Stored items from a collection
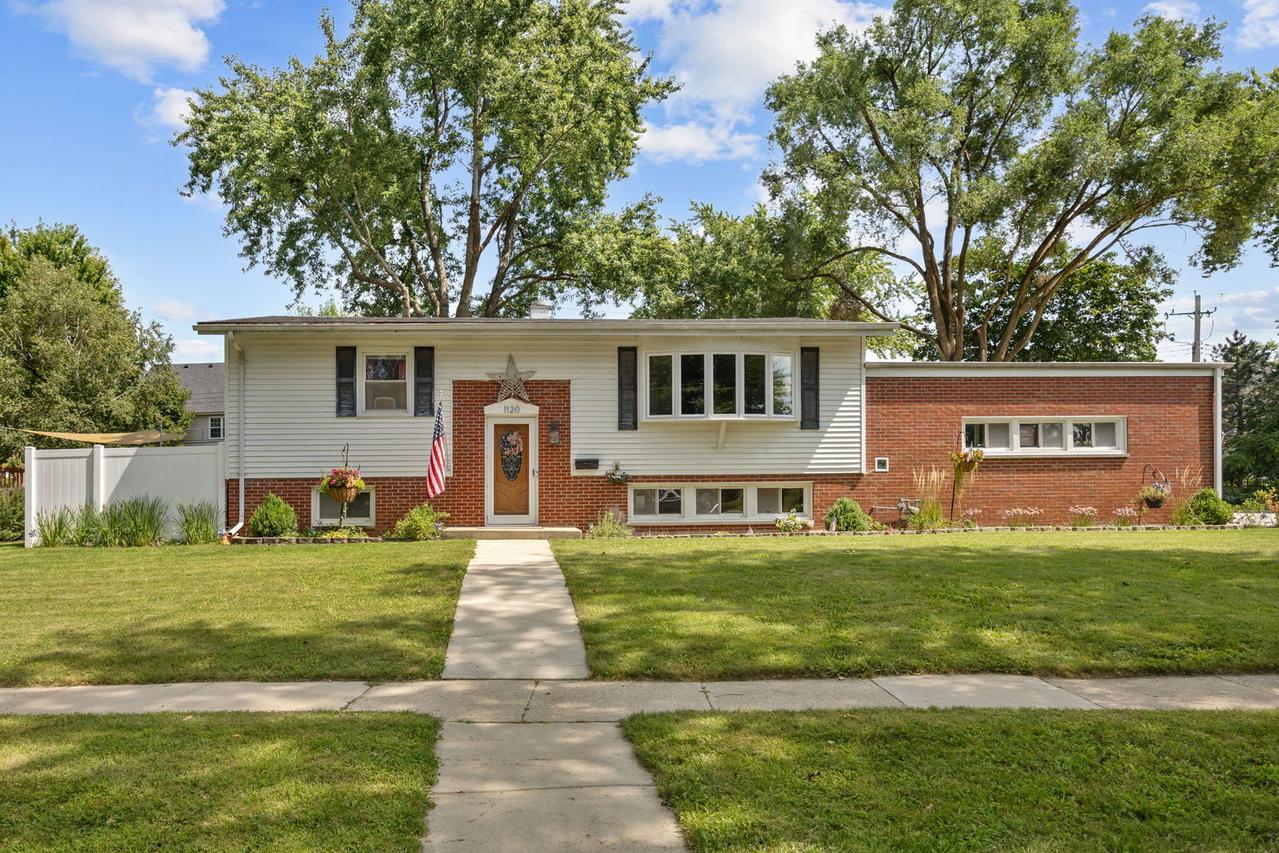 1120 S 12th Ave., St. Charles, IL 60174
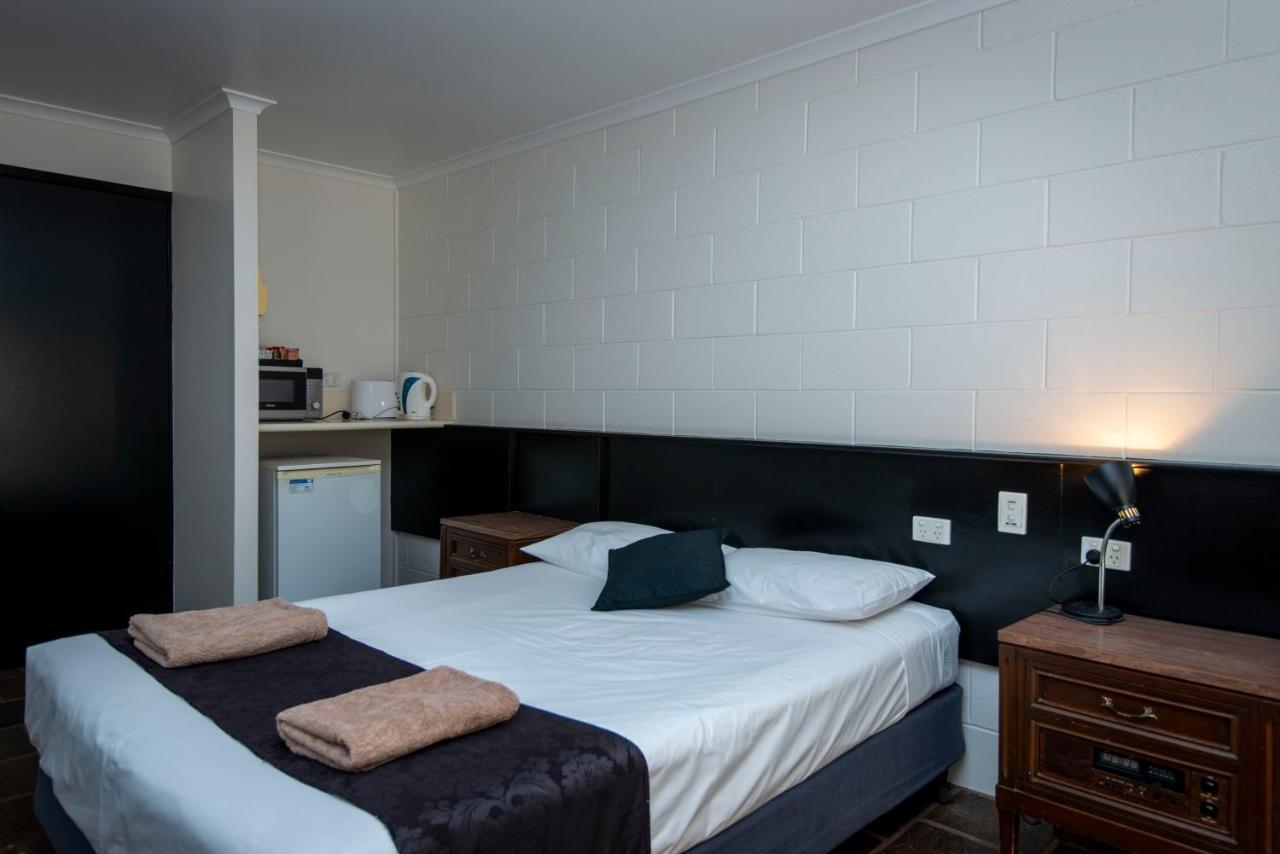 Longreach Most Central Motel Ngoại thất bức ảnh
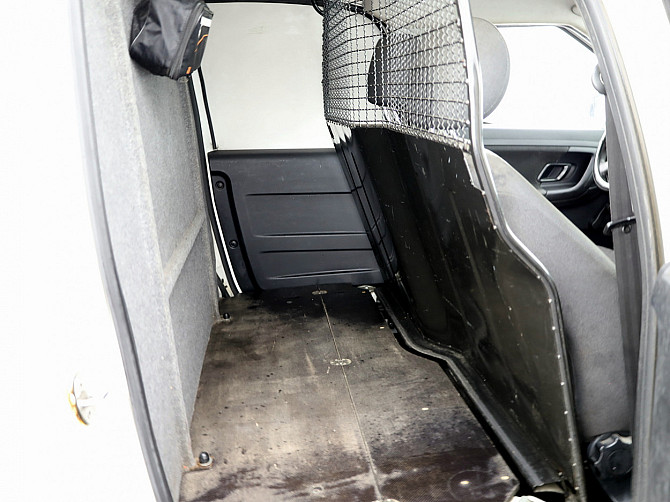Skoda Praktik Van Facelift 1.2 63kW Таллин - изображение 7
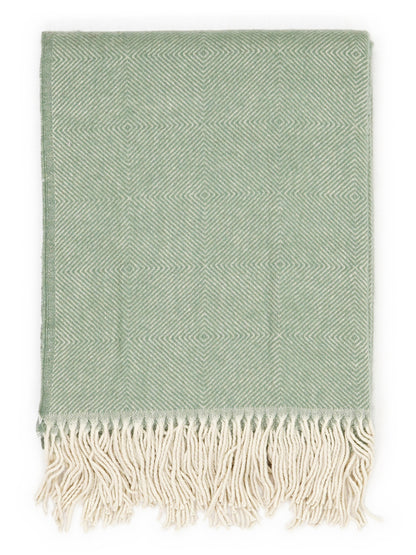 Plaid "Rune" in Salie, gevouwen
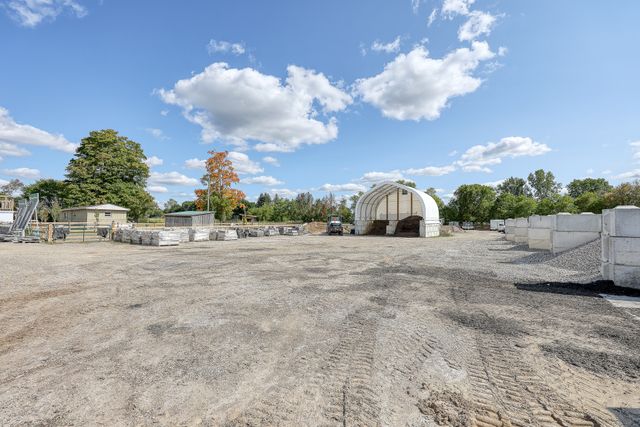 img_4386_138 at 1 Etonia Road, Brant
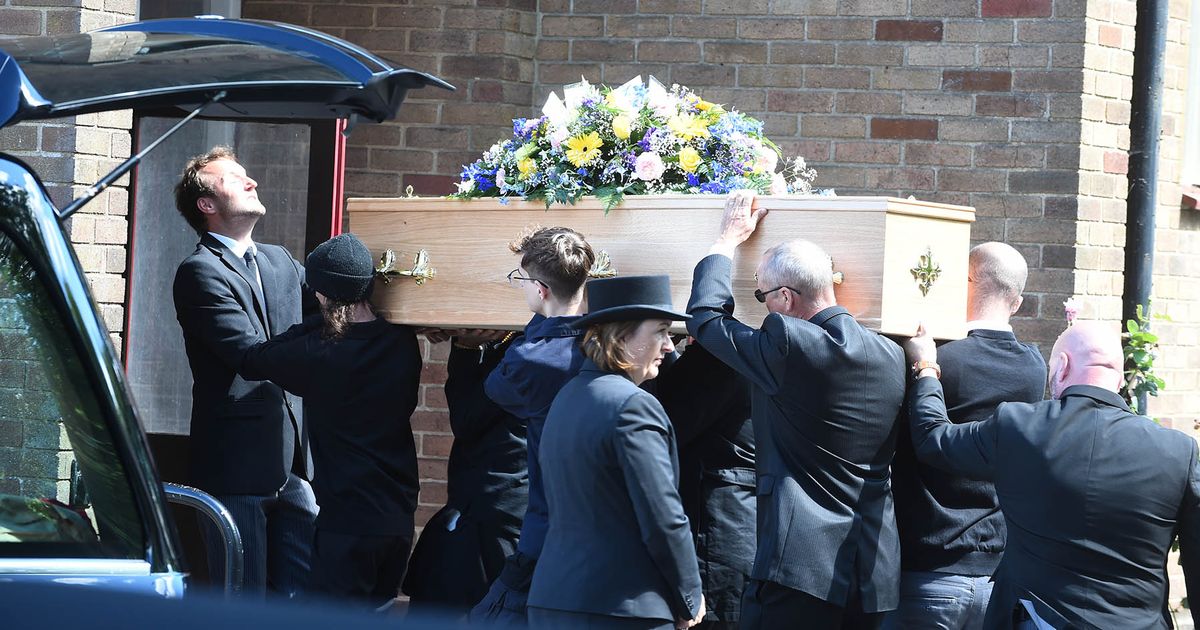 Bez leads music stars at Happy Mondays’ guitarist Paul Ryder’s funeral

▸ WHAT IS NEEDED
Write the lines above out again exactly, excluding every picture.

▸ SOLVED PROBLEM
 1120 S 12th Ave., St. Charles, IL 60174
 Longreach Most Central Motel Ngoại thất bức ảnh
Skoda Praktik Van Facelift 1.2 63kW Таллин - изображение 7
 Plaid "Rune" in Salie, gevouwen
 img_4386_138 at 1 Etonia Road, Brant
 Bez leads music stars at Happy Mondays’ guitarist Paul Ryder’s funeral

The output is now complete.